Although not amazing, support vector regression (SVR) is better at dealing with uneven spatial data than linear regression for example so it will hopefully produce a good model. In order to model using an SVR, we will first load the data.

In [4]:
### import libraries ###

import pandas as pd
from sklearn.svm import SVR
from sklearn.metrics import r2_score, mean_squared_error
from sklearn.model_selection import GridSearchCV

In [2]:
### importing data ###

# features
features_train = pd.read_csv('data/features_train.csv', index_col = 0)
features_test = pd.read_csv('data/features_test.csv', index_col = 0)

# target
target_train = pd.read_csv('data/target_train.csv', index_col = 0)
target_test = pd.read_csv('data/target_test.csv', index_col = 0)

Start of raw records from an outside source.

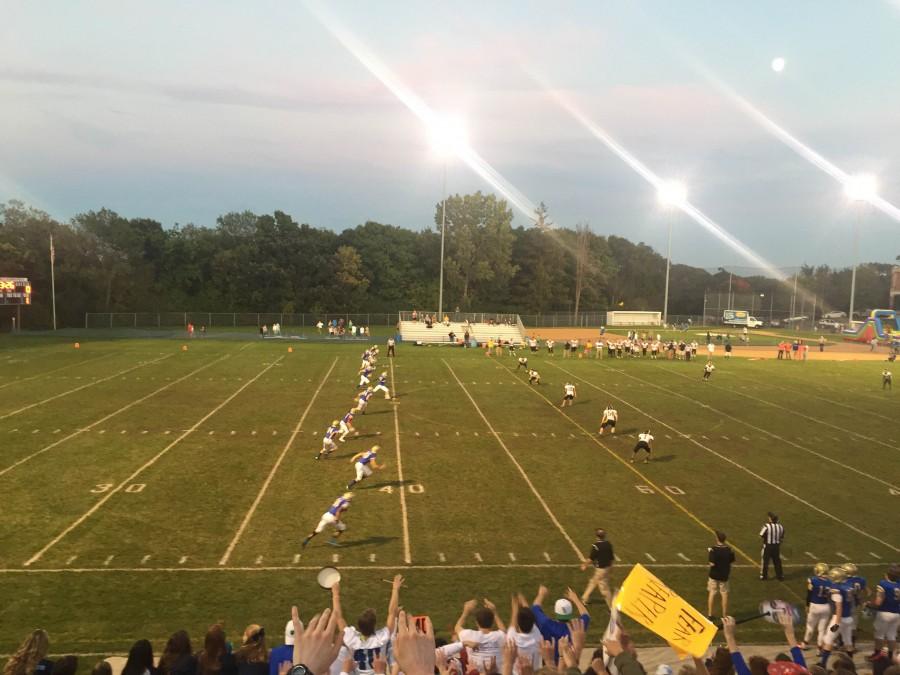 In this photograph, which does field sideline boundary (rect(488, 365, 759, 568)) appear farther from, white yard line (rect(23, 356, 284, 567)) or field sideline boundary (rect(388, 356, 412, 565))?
white yard line (rect(23, 356, 284, 567))

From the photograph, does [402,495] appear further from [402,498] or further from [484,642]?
[484,642]

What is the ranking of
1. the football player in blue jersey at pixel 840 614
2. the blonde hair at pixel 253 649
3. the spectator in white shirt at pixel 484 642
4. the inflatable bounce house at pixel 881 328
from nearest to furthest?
the blonde hair at pixel 253 649 → the spectator in white shirt at pixel 484 642 → the football player in blue jersey at pixel 840 614 → the inflatable bounce house at pixel 881 328

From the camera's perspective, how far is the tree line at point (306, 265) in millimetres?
66938

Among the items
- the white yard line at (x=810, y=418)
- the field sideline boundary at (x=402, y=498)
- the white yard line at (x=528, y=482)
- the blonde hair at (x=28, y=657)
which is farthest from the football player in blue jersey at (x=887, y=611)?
the white yard line at (x=810, y=418)

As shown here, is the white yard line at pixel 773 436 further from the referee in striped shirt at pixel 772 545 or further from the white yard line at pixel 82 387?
the white yard line at pixel 82 387

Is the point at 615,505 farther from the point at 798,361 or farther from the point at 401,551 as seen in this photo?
the point at 798,361

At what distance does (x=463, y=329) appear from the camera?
59.9 metres

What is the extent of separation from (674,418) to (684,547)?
41.0ft

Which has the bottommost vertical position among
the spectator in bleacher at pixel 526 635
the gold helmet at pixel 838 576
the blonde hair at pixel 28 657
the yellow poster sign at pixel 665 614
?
the gold helmet at pixel 838 576

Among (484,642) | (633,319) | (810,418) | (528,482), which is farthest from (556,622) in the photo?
(633,319)

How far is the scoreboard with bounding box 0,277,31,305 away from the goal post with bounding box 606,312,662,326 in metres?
63.1

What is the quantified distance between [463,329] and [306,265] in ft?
87.3

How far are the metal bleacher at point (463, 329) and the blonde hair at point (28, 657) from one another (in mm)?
48018

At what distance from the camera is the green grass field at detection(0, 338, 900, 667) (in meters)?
10.2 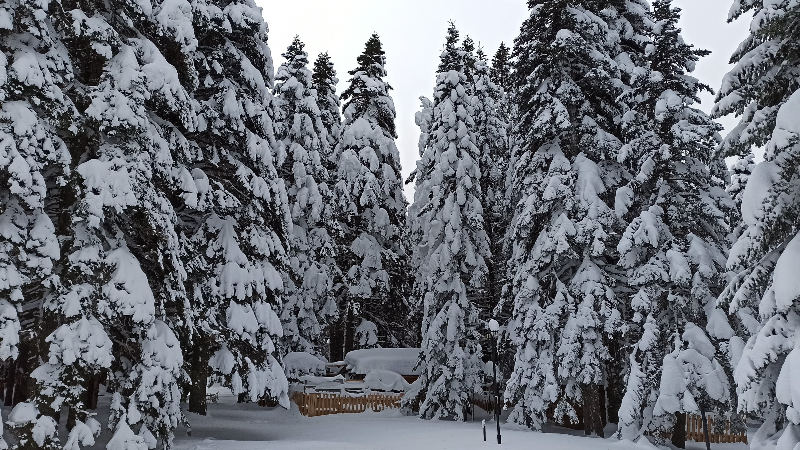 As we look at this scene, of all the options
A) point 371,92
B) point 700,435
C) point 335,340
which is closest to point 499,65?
point 371,92

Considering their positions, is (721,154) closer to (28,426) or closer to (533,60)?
(533,60)

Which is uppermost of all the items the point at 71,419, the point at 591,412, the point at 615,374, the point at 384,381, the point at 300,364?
the point at 300,364

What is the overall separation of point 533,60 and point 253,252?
35.3 ft

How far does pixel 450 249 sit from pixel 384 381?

Now we will model using SVR but we will use a grid search to find the optimal parameters.

In [12]:
### building grid search ###

# choosing SVR
model = SVR()

# parameters to search through
parameters = {'kernel' : ('linear', 'rbf'), 'C' : [0.01, 0.1, 1, 10, 100, 1000]}

# fitting grid search
clf = GridSearchCV(model, parameters)
clf.fit(features_train, target_train.values.ravel())

# showing best parameters
clf.best_params_

{'C': 1, 'kernel': 'rbf'}

We found the best parameters for SVR.

In [14]:
### checking metrics ###

# choosing best parameters
model = SVR(C = 1, kernel = 'rbf')

# fitting model
model.fit(features_train, target_train.values.ravel())

# predicted target
pred = model.predict(features_test)

print('RMSE is:', mean_squared_error(target_test, pred, squared = False), 'and the r2 is:', r2_score(target_test, pred))

RMSE is: 1.0633770643225113 and the r2 is: -0.13077078092716254


SVR does not act as a good model as it is worse than a horizontal line. 

## Conclusion
SVR is not a good model for predicting forest fire damage.
* r2 = -0.1308
* RMSE = 1.0634